Of course this is all Satan. If I'm jealous of my friends they soon won't be my friends. If I'm mad at John I don't work with him in the best way possible for the kids. If I'm feeling sorry for myself, I get depressed and before I know it, I'm no one I want to be around, much less someone I'd want the kids to be around. But I want to pound my fists and scream that it's not fair, tell John and God and anyone else who will listen that this is not what I had planned, that my children were supposed to grow up and I was supposed to grow old in a loving, stable, unbroken family where I got a foot rub every night, and that Eli dying should have been the end of the bad things happening to us.

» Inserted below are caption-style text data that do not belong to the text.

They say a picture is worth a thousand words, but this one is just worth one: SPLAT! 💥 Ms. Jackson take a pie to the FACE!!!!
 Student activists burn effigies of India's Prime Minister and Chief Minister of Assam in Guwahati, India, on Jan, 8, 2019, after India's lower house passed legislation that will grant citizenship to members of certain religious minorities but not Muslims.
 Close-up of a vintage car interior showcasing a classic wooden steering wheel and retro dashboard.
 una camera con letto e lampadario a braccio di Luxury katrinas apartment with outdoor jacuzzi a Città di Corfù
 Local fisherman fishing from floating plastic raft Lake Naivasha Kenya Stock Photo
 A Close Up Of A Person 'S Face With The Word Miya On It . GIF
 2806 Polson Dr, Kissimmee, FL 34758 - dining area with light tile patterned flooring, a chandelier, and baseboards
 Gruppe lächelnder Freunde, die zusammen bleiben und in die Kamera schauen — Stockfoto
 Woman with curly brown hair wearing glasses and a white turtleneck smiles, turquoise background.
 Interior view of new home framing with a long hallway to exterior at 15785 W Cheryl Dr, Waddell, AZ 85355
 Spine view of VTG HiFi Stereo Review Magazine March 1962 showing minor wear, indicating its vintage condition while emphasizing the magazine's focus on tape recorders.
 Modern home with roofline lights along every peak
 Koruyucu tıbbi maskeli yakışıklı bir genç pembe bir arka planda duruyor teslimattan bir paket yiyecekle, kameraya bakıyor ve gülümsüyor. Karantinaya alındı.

When I put on my grown up hat and stop being so self centered, I know it's not about me, or John, or my kids. We're all just pieces in a large puzzle, threads in a tapestry that I can't see yet. Does it make it easier? Nope. Not at all. But I hate this, feeling this way, and so I'll do it all again. I'll forgive John for doing what he felt like he had to do, and I'll forgive God for not filling me in on this plan in advance and for being so infuriatingly quiet in these matters. I might even forgive myself. Jury's still out on that one.
And so yet again I've been reminded of how imperfect, how flawed I am. It's a never ending struggle, this life of ours. And I'm not quite conceited enough to say that my trials are any harder than anyone else's out there. Mine are just obvious and gaping and big. And sometimes I disappoint myself in the way I deal with them. I think I always will. The only think I can be in control of is how I react to the things that happen, and I want to be better, do better. Of course, I also want someone to pay attention to me and love me and do for me, for once. But I think that's just being human.
It's not in my control. It's about God's will. So let's hope I can start being a little more gracious about it.